Directions for this task: Repeat the listing below verbatim, without its images.

Dataset records:
########

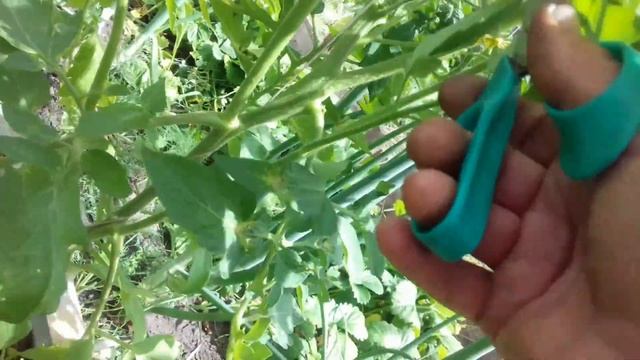 формировка томатов ,как я это делаю часть 1 смотреть онлайн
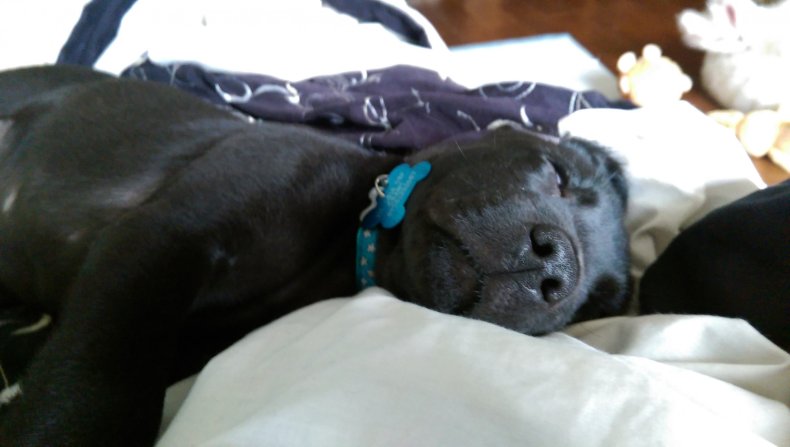 A dog sleeping with their eyes open.
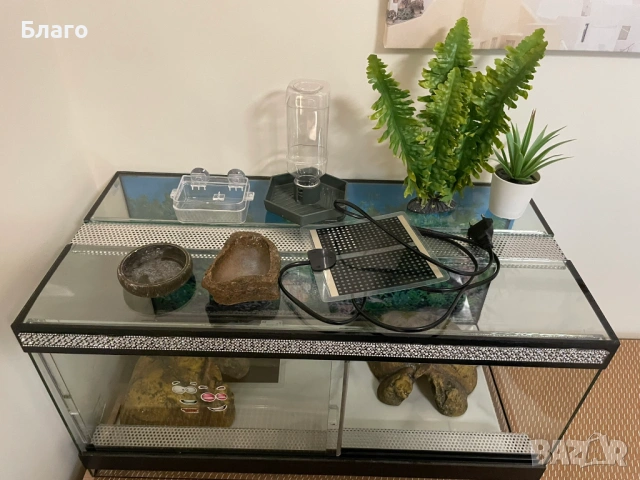 Терариум за гекон/гущер 60х30х30 с 2 нагреватея, купички и укрития, снимка 2 - Терариуми и оборудване - 53368633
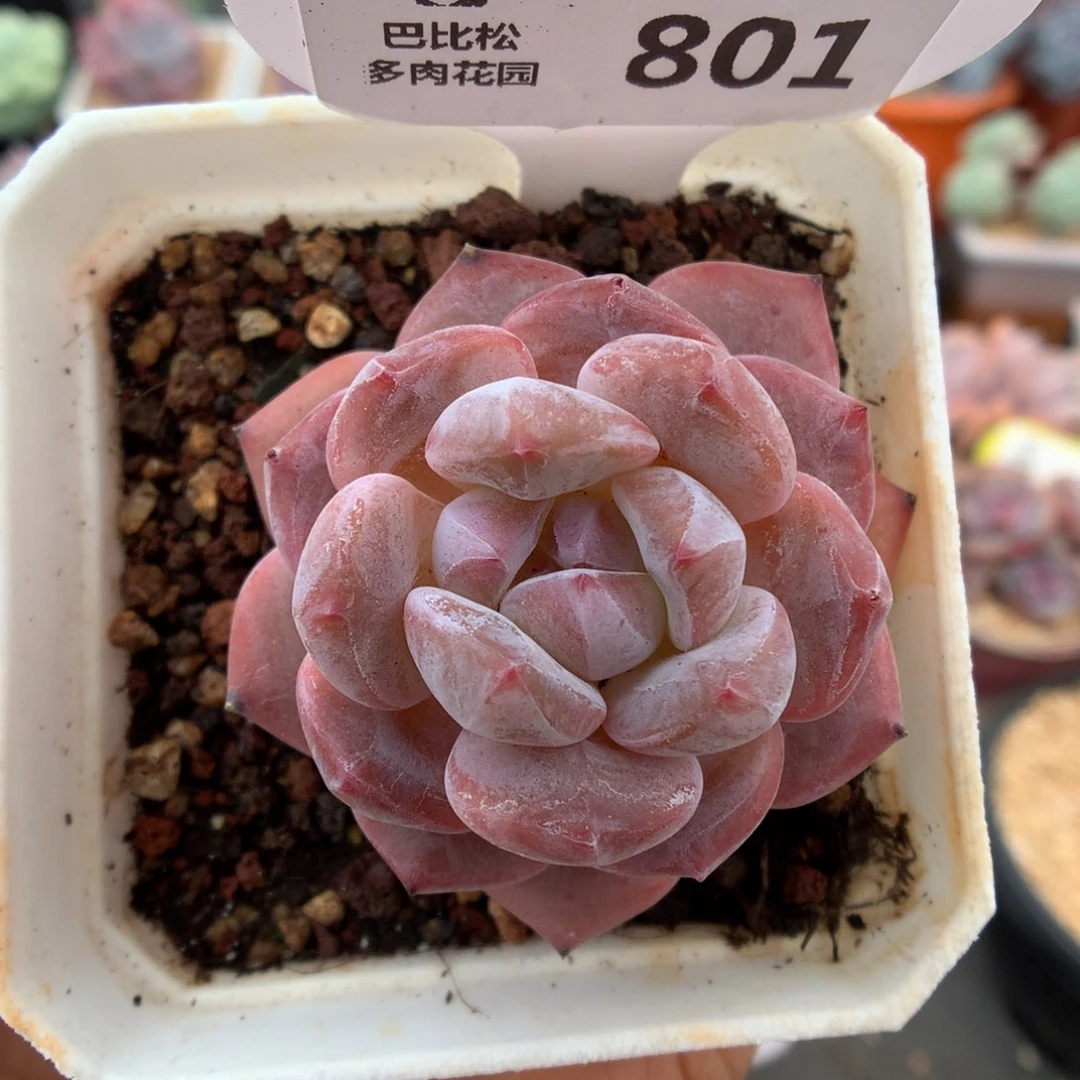 801石榴籽星影多肉植物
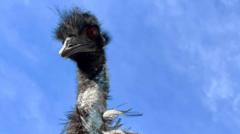 New friends for twice bereaved emu Malcolm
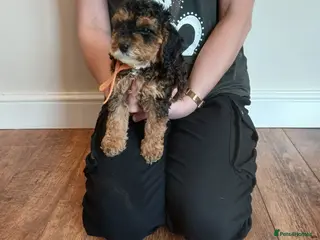 Cockapoo dogs Cockapoo puppies - Advert 18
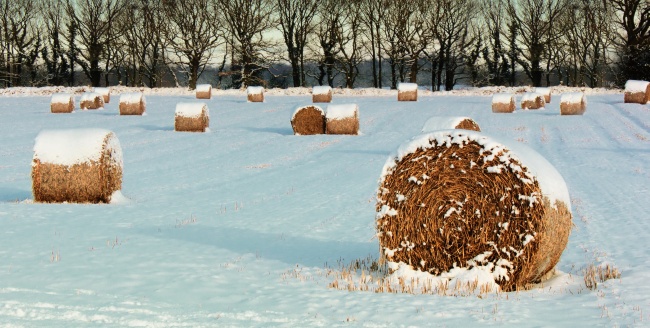 冬季雪地草垛图片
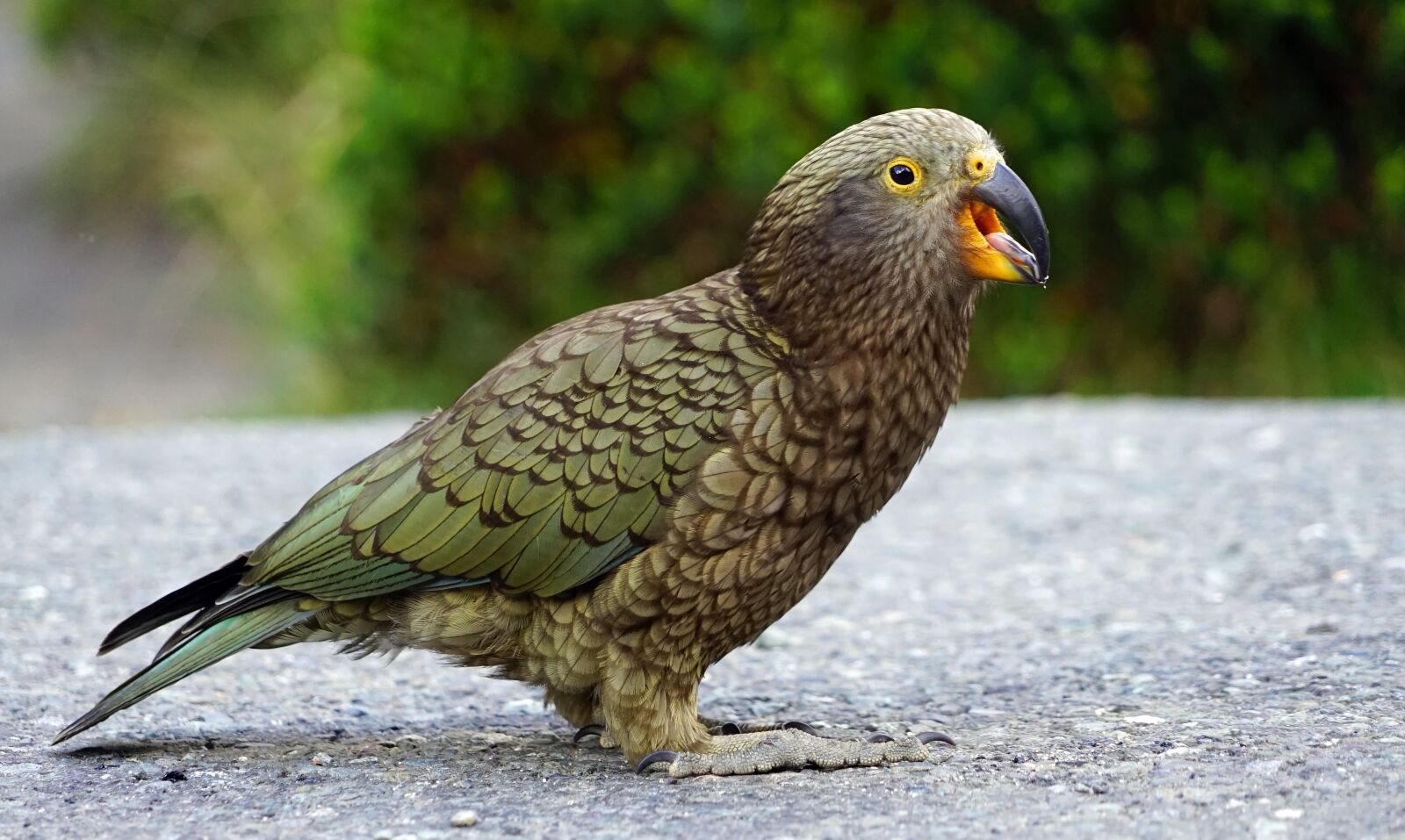 Sony a7 + Sony FE 24-240mm F3.5-6.3 OSS sample photo. Kea, mountain parrot, cheeky photography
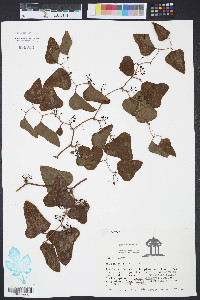 Smilax bona-nox image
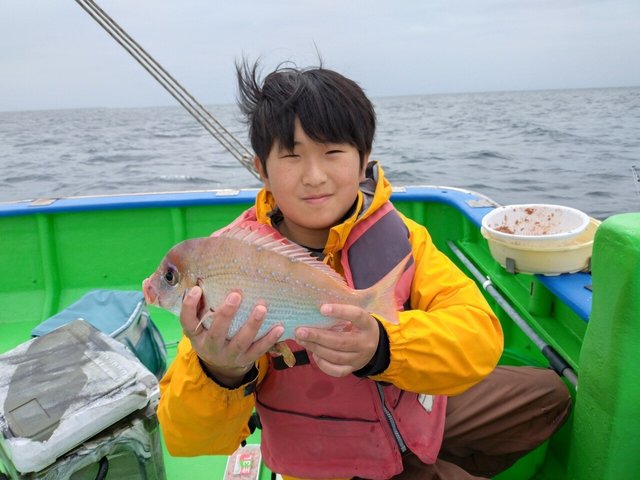 ハナダイ(チダイ)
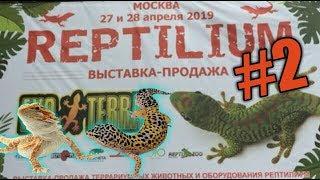REPTILIUM #2 / 2019 МОСКВА ВЫСТАВКА-ПРОДАЖА / ГОНКИ СПИНОХОДОВ / ПРОБУЕМ СВЕРЧКОВ И ЗОФОБАСА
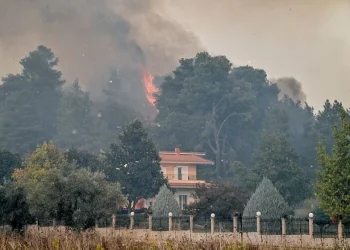 Ανεξέλεγκτη η φωτιά στο Γεράκι Αμαλιάδας – Τραυματίστηκε πυροσβέστης –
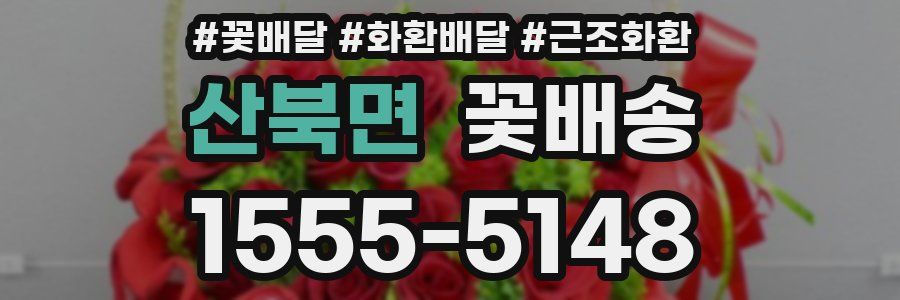 산북면 꽃배송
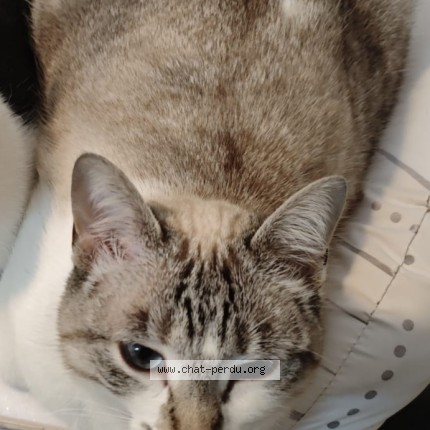 Photo 1/1 Xéna Chat perdu à Rieux Minervois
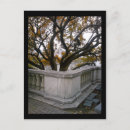 Recherche de aquarium cartes postales Jaune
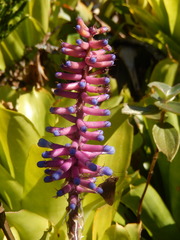 Aechmea gamosepala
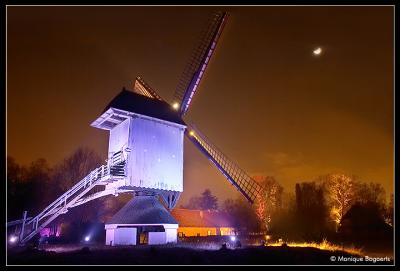 *** Bokrijk by Night ***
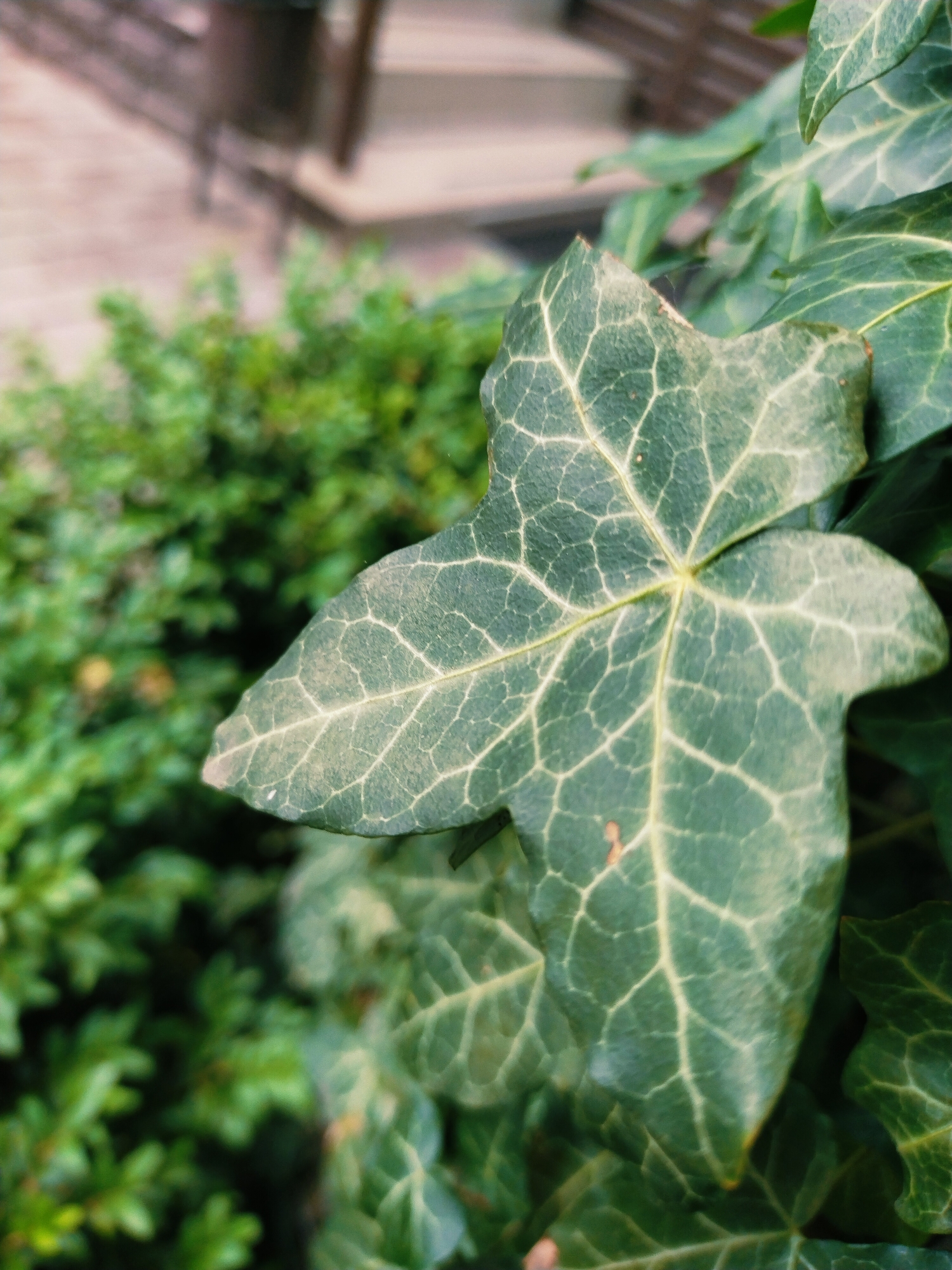 This is a close-up, vertically oriented, outdoor photograph of an ivy leaf in the city of Horishni Plavni, Ukraine. The ivy leaf is a vibrant green with lighter green veining that creates a distinct, web-like pattern across its surface. The leaf is slightly dusty, with a few small brown specks visible. It occupies the majority of the foreground, with its lobed shape clearly defined. In the background, out of focus, is a dense cluster of other green foliage, likely more ivy or a similar plant. Further in the distance, the blurred shapes of brickwork and steps suggest a building or outdoor structure, possibly a pathway or entrance. The lighting appears to be natural daylight, casting soft shadows and highlighting the texture of the leaf. There are no people or animals present in the image.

########

Your solution:
 формировка томатов ,как я это делаю часть 1 смотреть онлайн
 A dog sleeping with their eyes open.
 Терариум за гекон/гущер 60х30х30 с 2 нагреватея, купички и укрития, снимка 2 - Терариуми и оборудване - 53368633
 801石榴籽星影多肉植物
 New friends for twice bereaved emu Malcolm
 Cockapoo dogs Cockapoo puppies - Advert 18
 冬季雪地草垛图片
 Sony a7 + Sony FE 24-240mm F3.5-6.3 OSS sample photo. Kea, mountain parrot, cheeky photography
 Smilax bona-nox image
 ハナダイ(チダイ)
REPTILIUM #2 / 2019 МОСКВА ВЫСТАВКА-ПРОДАЖА / ГОНКИ СПИНОХОДОВ / ПРОБУЕМ СВЕРЧКОВ И ЗОФОБАСА
 Ανεξέλεγκτη η φωτιά στο Γεράκι Αμαλιάδας – Τραυματίστηκε πυροσβέστης –
 산북면 꽃배송
 Photo 1/1 Xéna Chat perdu à Rieux Minervois
 Recherche de aquarium cartes postales Jaune
 Aechmea gamosepala
 *** Bokrijk by Night ***
 This is a close-up, vertically oriented, outdoor photograph of an ivy leaf in the city of Horishni Plavni, Ukraine. The ivy leaf is a vibrant green with lighter green veining that creates a distinct, web-like pattern across its surface. The leaf is slightly dusty, with a few small brown specks visible. It occupies the majority of the foreground, with its lobed shape clearly defined. In the background, out of focus, is a dense cluster of other green foliage, likely more ivy or a similar plant. Further in the distance, the blurred shapes of brickwork and steps suggest a building or outdoor structure, possibly a pathway or entrance. The lighting appears to be natural daylight, casting soft shadows and highlighting the texture of the leaf. There are no people or animals present in the image.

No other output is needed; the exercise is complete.